══ INFORMATION SUPPLIED ══
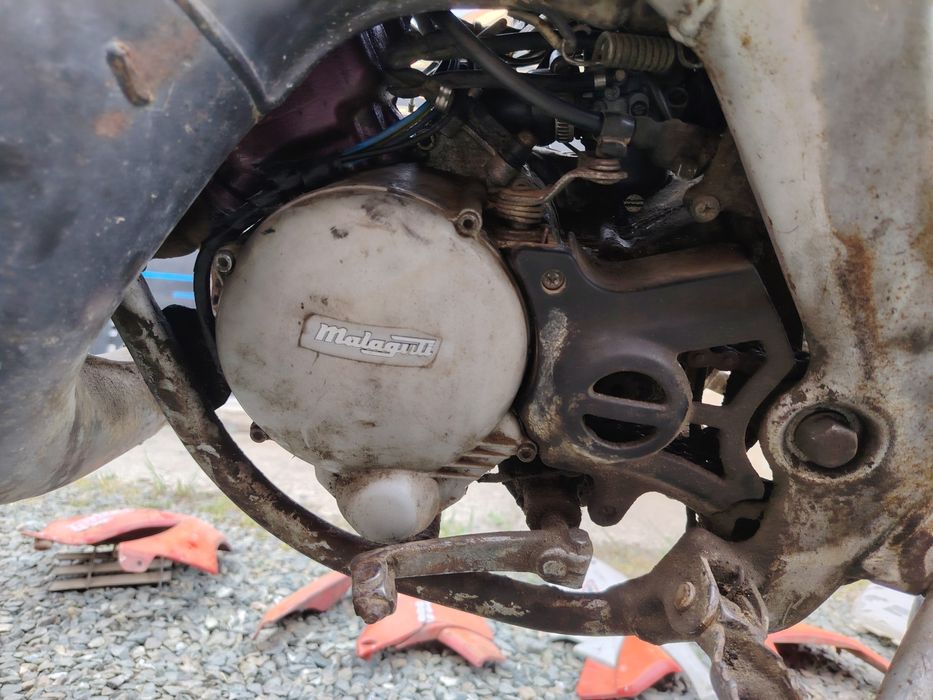 Bloc motor Minarelli AM6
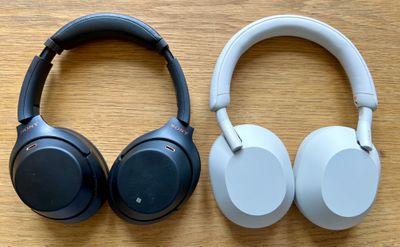 Sony WH-1000XM5 Headphones Review - MacRumors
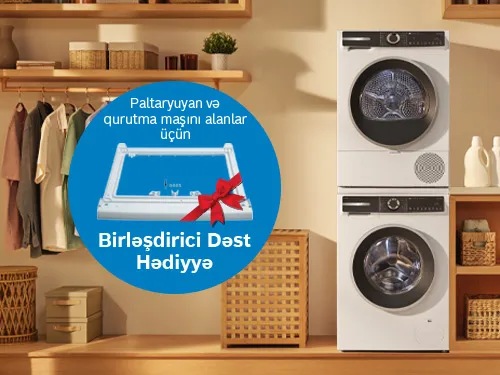 Yeni Bosch Series 6 sobası — müasir dizayn, yüksək performans və rahat idarəetmə. Dəqiq bişirmə, səmərəli funksiyalar və asan təmizləmə imkanlarını kəşf edin.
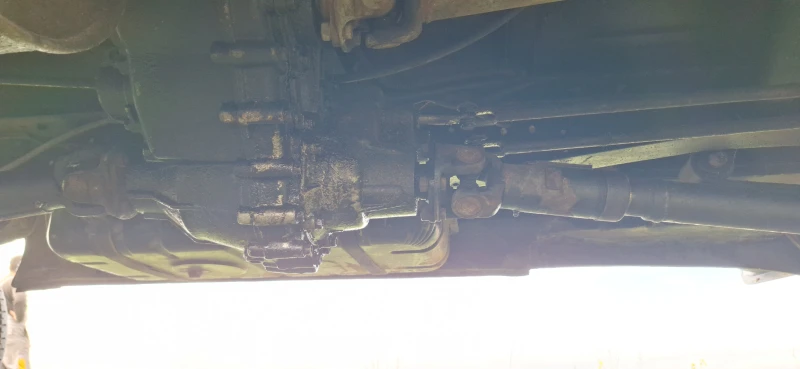 Gaz GAZelle 27057, снимка 12 - Бусове и автобуси - 52555239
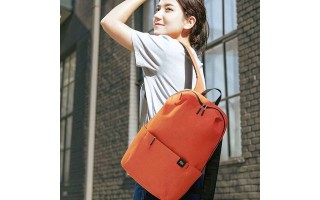 Mochila Xiaomi Daypack ZJB4148GL 10L Naranja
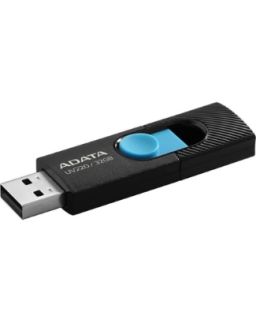 USB Flash A-DATA 32GB 2.0 AUV220-32G-RBKBL Blue / Black
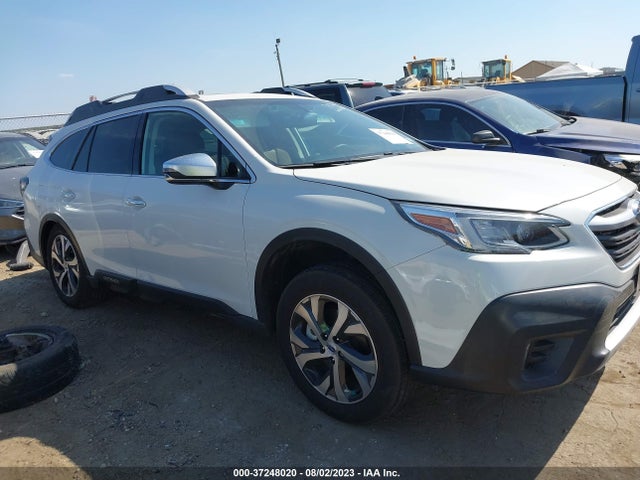 Subaru Outback Touring Xt 2022 4S4BTGPD6N3198702 Image 14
═══
■ REQUIRED WORK
The data above should be restated exactly, with its images dropped.

■ WRITTEN RESPONSE
 Bloc motor Minarelli AM6
 Sony WH-1000XM5 Headphones Review - MacRumors
 Yeni Bosch Series 6 sobası — müasir dizayn, yüksək performans və rahat idarəetmə. Dəqiq bişirmə, səmərəli funksiyalar və asan təmizləmə imkanlarını kəşf edin.
 Gaz GAZelle 27057, снимка 12 - Бусове и автобуси - 52555239
 Mochila Xiaomi Daypack ZJB4148GL 10L Naranja
 USB Flash A-DATA 32GB 2.0 AUV220-32G-RBKBL Blue / Black
 Subaru Outback Touring Xt 2022 4S4BTGPD6N3198702 Image 14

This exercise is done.